For 42 years, the sound of live-action “Star Wars” was the sweeping, symphonic language of John Williams, old school music for a long time ago in a melodic galaxy far, far away. It was a template impressively followed by Michael Giacchino and John Powell on the spin-offs of “Rogue One” and “Solo,” but it took Ludwig Göransson to truly “break” the sound barrier as such when all of “Star Wars” production polish was given to the Disney Plus armor of “The Mandalorian.” Over two seasons, “Black Panther’s” Oscar-winning composer brought a stunning world (s) music -centric viewpoint to characters hardcore fans thought they tunefully knew, all while paying off the gorgeous orchestral adventure that whose style a now 90-year-old Williams revived in the first place.
Just as the light saber has been dutifully passed, or in this case a Gaffi stick, Göransson’s Jedi protégé Joseph Shirley (“Bad Trip,” “The Mysterious Benedict Society”) joins his Master’s daringly adventurous musical company on the side of a nefarious bounty hunter for “The Book of Boba Fett,” Except as “The Mandalorian” revealed, perhaps he’s not so terrible after all. With the “Book” having closed its first season chapter, the full dazzling scope of Shirley’s scoring, as graced with Göransson’s themes, can be appreciated in hearing the spiritual journey of cool-looking, but basically blank cinematic character into an intensely well-rounded Capo with the musically expressive benefit of being able to take his Mandalorian helmet off.
In a way that emotionally captures the entirety of the “Star Wars” ethnic, chorally religious and traditionally exciting instrumental universe, Shirley’s impressive range plays Boba’s tribal transfiguration as much as it does his kick-ass prowess during a desert train chase. Prowling into the edgier intergalactic Cosa Nostra power plays of Tatooine, jiving with bar music, evoking ancient desert rhythms and hearing the exasperated anger of an increasingly valiant character who just wants to run a sane crime operation in the seediest city this side of Casablanca, Shirley is also allowed a two-episode detour to the armored way of the Mandalorian along with a spiritually majestic riff on Yoda’s training, by reverse way of his peskier, cuter relatives. It’s a stunning achievement that announces another disturbance of the “Star Wars” musical force, yet in the best kind of way that heralds just how far, far away that talent weaned on a generational franchise can take its scoring into its small screen (let alone cinematic) future for the many welcome spin-offs to come.
Tell us about your musical background, and how you came to scoring
I was raised in a musical family, with three brothers who all played different instruments. Naturally, I wanted to join in with them! We’d play around the house all the time, blues and rock mostly. I started classical piano lessons when I was 7, and studied classical and jazz performance all the way through college. Wanting to write more, I started scoring student short films and writing music for class projects. I wrote a musical in High School that my friends and I filmed and presented. I realized then that I really loved writing music to picture. I went to Loyola New Orleans for Music Composition, always continuing to play with bands, touring around the country whenever possible, and recording all the time. Some great, great memories playing music with my brothers and friends then. I’d score short films and do local advertisement music in the daytime, before the gig that night. Several years later, I went to USC for the Screen Scoring program, always wanting to live in Los Angeles and have a career as a composer.
Much of your first scoring experience was in shorts. How did that help develop your talent?
You learn musical styles, and how to work with different types of people, different approaches to picture. So, I started to learn how to work and collaborate with people while picking up musical lessons along the way. Some of the shorts I scored while I was a student at USC were phenomenal films, with talented folks I still keep up with.

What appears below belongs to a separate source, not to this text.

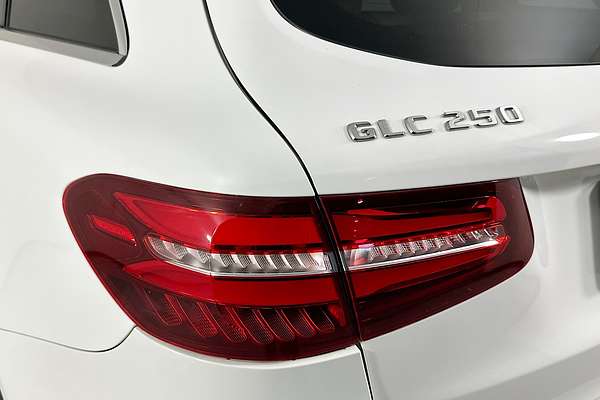 2016 Mercedes-Benz GLC 250 253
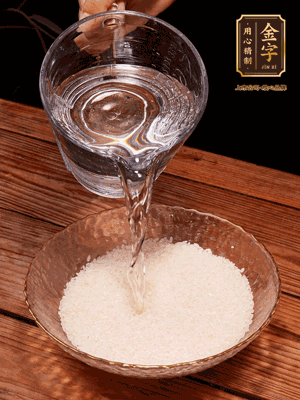 大米提前浸泡30分鐘。干香菇泡發(fā)切成條；蝦米提前浸泡2小時(shí)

You’d make a significant teaming with Ludwig Göransson. How did that come about, and what do you think he heard in your music? And how does your collaboration work?
Ludwig hired me as his assistant when he was in the middle of “Creed.” It was right after I graduated from USC, and I sent my portfolio to him – very much a fan of his, and in need of a job. I assisted him for several years before he had me chip in musically on anything. It started with additional music on some of his projects, and things grew from there. Ludwig and I work together extremely well, I think because we both have a similar approach to loving music, discovering new music, and our personalities mesh in a creative way. He’s been my mentor in this business, and I’m proud to call him a dear friend!
Did you get to work with Ludwig on “The Mandalorian?”
Yes! I worked on both seasons and did additional music on Season Two.
Were you a “Star Wars” fan before “Boba Fett” came your way? And what did that character mean to you?
I was probably 10, and I remember my mother telling me, “You know, you should really watch Star Wars…” We had the original trilogy in a VHS box set and I watched those movies over and over. I was a big fan of R2 (still am), because he was so funny and affable with his expressive sound effects. I started collecting the original 1977 action figures, when my folks would bring me to the local flea market. I had them all except I could never find an original Boba Fett! I remember seeing Boba in ROTJ as a kid and thinking he was just such a cool bad*ss, who had this gunslinger swagger and mystery to him.
“The Book of Boba Fett” is a giant break for you. Did you have to do any demos as such, or was Ludwig’s word good enough to insure you the job?
Much credit goes to Ludwig. His word means a lot with Jon Favreau and Dave Filoni, and I couldn’t be more grateful for his endorsement of me for the job. Jon and Dave were familiar with me from previous seasons of Mando while assisting or writing additional music. Even along the way, Ludwig was letting them know if I had written a cue or helped with something. So, it was a natural process to have Ludwig composing themes and producing, and myself scoring “The Book of Boba Fett.” Jon and I had also worked together on another project that didn’t quite get off the ground – though I think having that extra bit of experience with him also helped. It all comes down to trust in people, and luckily Jon trusts the music team wholeheartedly on Mando and on Boba.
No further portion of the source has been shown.